I think you want to replace spans of multiple blank lines with a single blank line, even though your example replaces multiple runs of \n with a single \n instead of \n\n. With that in mind, here are two solutions:
sed '/^$/{ :l
N; s/^\n$//; t l
p; d; }' input
In many implementations of sed, that can be all on one line, with the embedded newlines replaced by ;.
awk 't || !/^$/; { t = !/^$/ }'
As tripleee suggested above, I'm using Perl instead of sed:
perl -0777pi -e 's/\n{3,}/\n\n/g'
Use the translate function
tr -s '\n'
the -s or --squeeze-repeats reduces a sequence of repeated character to a single instance.
This is much better handled by tr -s '\n' or cat -s, but if you insist on sed, here's an example from section 4.17 of the GNU sed manual:
#!/usr/bin/sed -f
# on empty lines, join with next
# Note there is a star in the regexp
:x
/^\n*$/ {
N
bx
}
# now, squeeze all '\n', this can be also done by:
# s/^\(\n\)*/\1/
s/\n*/\
/
I am not sure this is what the OP wanted but using the awk solution by William Pursell here is the approach if you want to delete ALL empty lines in the file:
awk '!/^$/' file.txt
Explanation:
The awk pattern
'!/^$/'
is testing whether the current line is consisting only of the beginning of a line (symbolised by '^') and the end of a line (symbolised by '$'), in other words, whether the line is empty.

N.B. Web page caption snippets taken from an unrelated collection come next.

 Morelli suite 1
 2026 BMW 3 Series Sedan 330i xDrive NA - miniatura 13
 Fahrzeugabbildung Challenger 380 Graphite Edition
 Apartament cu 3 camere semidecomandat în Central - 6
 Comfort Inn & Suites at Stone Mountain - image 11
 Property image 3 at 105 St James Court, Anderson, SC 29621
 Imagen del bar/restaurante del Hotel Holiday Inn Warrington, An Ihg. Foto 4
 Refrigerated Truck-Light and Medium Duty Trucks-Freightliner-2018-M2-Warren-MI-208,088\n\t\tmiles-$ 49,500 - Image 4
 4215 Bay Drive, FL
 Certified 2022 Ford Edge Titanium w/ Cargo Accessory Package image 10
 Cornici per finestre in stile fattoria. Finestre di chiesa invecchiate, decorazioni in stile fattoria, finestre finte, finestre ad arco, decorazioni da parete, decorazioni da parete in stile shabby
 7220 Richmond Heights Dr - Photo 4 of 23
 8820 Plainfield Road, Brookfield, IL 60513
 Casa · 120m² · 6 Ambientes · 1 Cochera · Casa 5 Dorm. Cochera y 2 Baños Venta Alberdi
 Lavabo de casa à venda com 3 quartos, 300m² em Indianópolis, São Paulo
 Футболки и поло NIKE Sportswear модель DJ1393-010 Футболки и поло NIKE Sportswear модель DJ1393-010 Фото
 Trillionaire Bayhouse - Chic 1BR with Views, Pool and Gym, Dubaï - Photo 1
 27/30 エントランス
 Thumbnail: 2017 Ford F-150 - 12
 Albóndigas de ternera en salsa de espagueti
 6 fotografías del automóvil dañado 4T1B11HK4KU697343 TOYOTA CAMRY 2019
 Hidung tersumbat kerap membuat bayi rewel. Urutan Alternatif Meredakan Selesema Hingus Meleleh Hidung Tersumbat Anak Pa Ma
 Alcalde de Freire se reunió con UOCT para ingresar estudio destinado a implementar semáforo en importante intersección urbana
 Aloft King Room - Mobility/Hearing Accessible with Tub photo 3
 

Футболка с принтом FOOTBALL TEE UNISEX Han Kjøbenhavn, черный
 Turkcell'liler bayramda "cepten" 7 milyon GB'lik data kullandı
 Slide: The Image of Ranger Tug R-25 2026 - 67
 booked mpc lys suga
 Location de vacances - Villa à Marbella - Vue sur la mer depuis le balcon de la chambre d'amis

If this pattern is true awk applies its default and prints the current line.
HTH
I think OP wants to compress empty lines, e.g. where there are 9 consecutive emty lines, he wants to have just three.
I have written a little bash script that does just that:
#! /bin/bash
TOTALLINES="$(cat file.txt|wc -l)"
CURRENTLINE=1
while [ $CURRENTLINE -le $TOTALLINES ]
do
L1=$CURRENTLINE
L2=$(($L1 + 1))
L3=$(($L1 +2))
if [[ $(cat file.txt|head -$L1|tail +$L1) == "" ]]||[[ $(cat file.txt|head -$L1|tail +$L1) == " " ]]
then
L1EMPTY=true
else
L1EMPTY=false
fi
if [[ $(cat file.txt|head -$L2|tail +$L2) == "" ]]||[[ $(cat file.txt|head -$L2|tail +$L2) == " " ]]
then
L2EMPTY=true
else
L2EMPTY=false
fi
if [[ $(cat file.txt|head -$L3|tail +$L3) == "" ]]||[[ $(cat file.txt|head -$L3|tail +$L3) == " " ]]
then
L3EMPTY=true
else
L3EMPTY=false
fi
if [ $L1EMPTY = true ]&&[ $L2EMPTY = true ]&&[ $L3EMPTY = true ]
then
#do not cat line to temp file
echo "Skipping line "$CURRENTLINE
else
echo "$(cat file.txt|head -$CURRENTLINE|tail +$CURRENTLINE)">>temp.txt
echo "Writing line " $CURRENTLINE
fi
((CURRENTLINE++))
done
cat temp.txt>file.txt
rm -r temp.txt
FINALTOTALLINES="$(cat file.txt|wc -l)"
EMPTYLINELINT=$(( $CURRENTLINE - $FINALTOTALLINES ))
echo "Deleted " $EMPTYLINELINT " empty lines."